My name is Yali and I'm a data guy
I hope to share my thoughts on the rapidly evolving data space here
My name is Yali. I’m a data guy. I first got into data at university - where I had the chance to study a lot of different sciences (Physics, Chemistry, Physiology, Experimental Psychology) and then study the History and Philosophy of Science. The history in particular really blew my mind in terms of how whole disciplines have emerged over time around different styles of reasoning, and different ways of using data to reason.
When I left I became a Consultant - because that felt like a good place to learn how to use data to help businesses reason about things and use data to create value. I was very lucky early on in my career, working on a project with a manufacturer of complicated industrial goods, to use data that had been created for one purpose: recording the delivery schedules for different manufacturing plants, for an entirely different purpose: measuring the accuracy of the planning process. That analysis showed that actual planning cycles were significantly shorter than management had previously believed. It led to a wholesale restructuring of the organization. And so very early on I got to see the transformational impact of data, on a commercial context, with my own eyes. It was a totally different experience from anything I’d seen in the academic realm beforehand.
In the years that followed I got to learn how to use data to support companies developing strategies as well as improve operations.

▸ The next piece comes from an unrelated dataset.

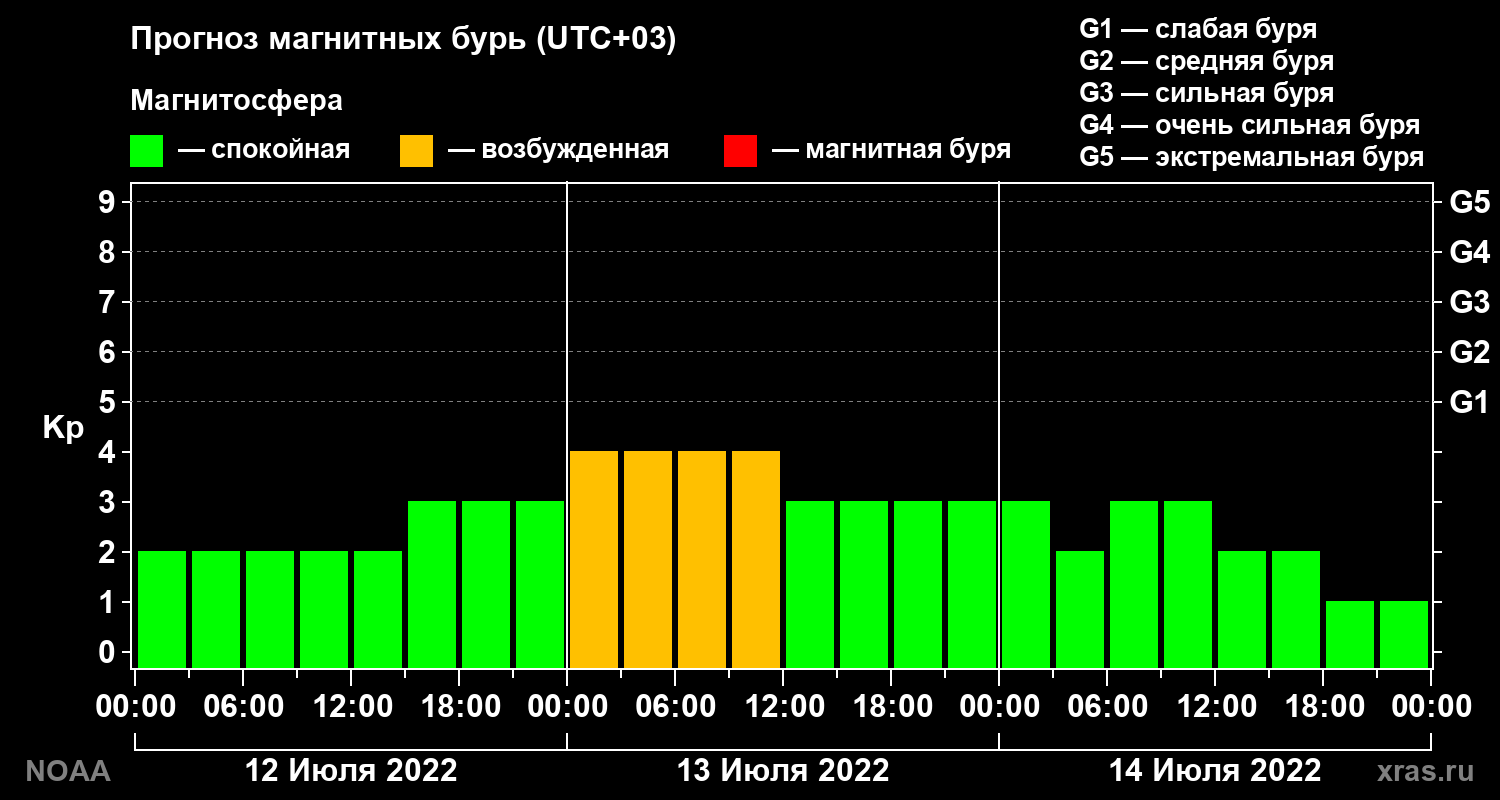 Прогноз геомагнитного индекса Kp на трое суток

In 2011 and 2012 I was very excited about what we now call behavioral data: the iPhone had triggered a wave of innovation in apps that permeated every part of our lives and that meant there were opportunities to create data that described how people behave: how they fall in love on dating sites, collaborate with coworkers to solve problems in productivity apps, learn on education platforms and spend their free time consuming media and playing games: data that was both broad (could describe millions of people) and deep (it described for each person exactly what she or he were doing, second-by-second and minute-by-minute). That, and the possibilities that big data frameworks like Hadoop and AWS services like EMR led me to cofound, with Alex Dean, Snowplow in 2012: an open source platform to create behavioral data at scale - one that any organization could use to create their own data. (At the time, organizations relied on tools like Google Analytics and Adobe, which prescribed a very narrow set of use cases on the data, and created all sorts of barriers to organizations to innovate on their own data.) Our goal was to set organizations - and data folk within them - free to innovate.
Ten years on the data space is unrecognizable. But it has only grown more exciting, there is so much more possibility and so much more innovation than I could have imagined back in 2012. Even better, being at Snowplow gave me the opportunity to work with a whole host of innovators in the data space and see first hand how advances in technology have been seized on to make fundamental changes to the way we are as human beings and the way organizations conduct themselves. It is incredibly good fun to think ahead, to the next 10 years, and speculate how they will evolve.
My intention is to use this substack to share and debate some of those thoughts: and widen the conversations I get to have around data, from the people I get to work with directly, to a much broader set of people like you, out there in the world.